Et là encore, bien plus que lors de la Première en mars dernier, l’orchestre et les chœurs semblent avoir trouvé la synchronisation idéale pour dérouler cette histoire où texte et musique s’enroulent comme emprisonnés dans un long filet sans issue, dominés par un thème lancinant que l’on va retrouver de l’ouverture au final, dans le chant de Peter Grimes et dans les six interludes musicaux  qu’Herheim sait mettre en valeur dans les véritables « tableaux vivants » qu’il propose, tissant un ensemble où la montée dramatique est constante et prend le spectateur aux tripes. 

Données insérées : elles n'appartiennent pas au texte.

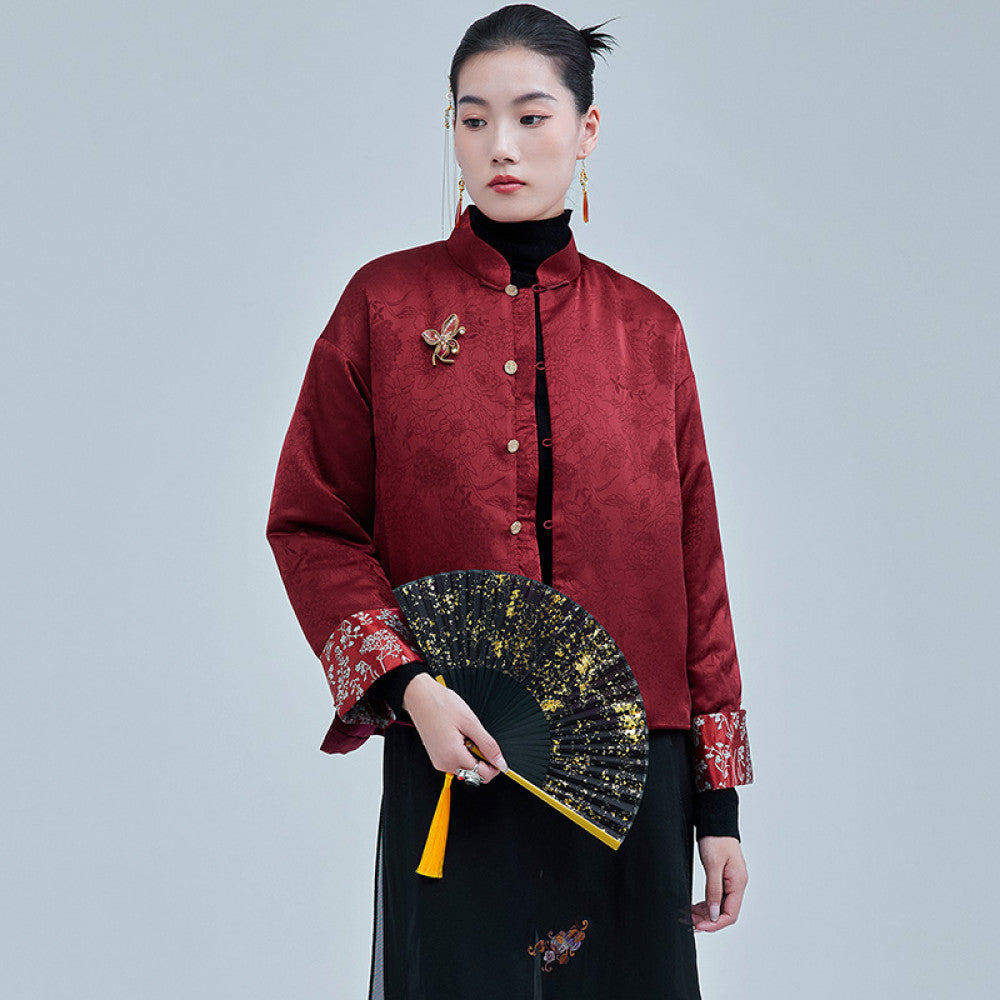 Moyu 2024 Autumn Winter New Chinese Style Retro Jacquard Segment Cotton Jacket New Chinese Red Tang Top Coat image 9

L’enfant est tout vêtu de blanc, comme l’ange pur sacrifié, lui aussi très présent sur la scène comme pour rappeler que de la première note à la dernière, c’est le sort de ces innocents qui est au centre de la haine peu à peu suscité par Peter Grimes qui ne cesse d’enfler autour de la rumeur de sa cruauté. Vêtements d’un blanc pur et lumineux qui forment une opposition lourde de sens avec le « costume » d’un blanc douteux et d’une crasse certaine que porte le pêcheur. L’anti-héros qui n’est jamais vraiment sympathique et auquel Jonas Kaufmann, ce soir, a donné une dimension phénoménale.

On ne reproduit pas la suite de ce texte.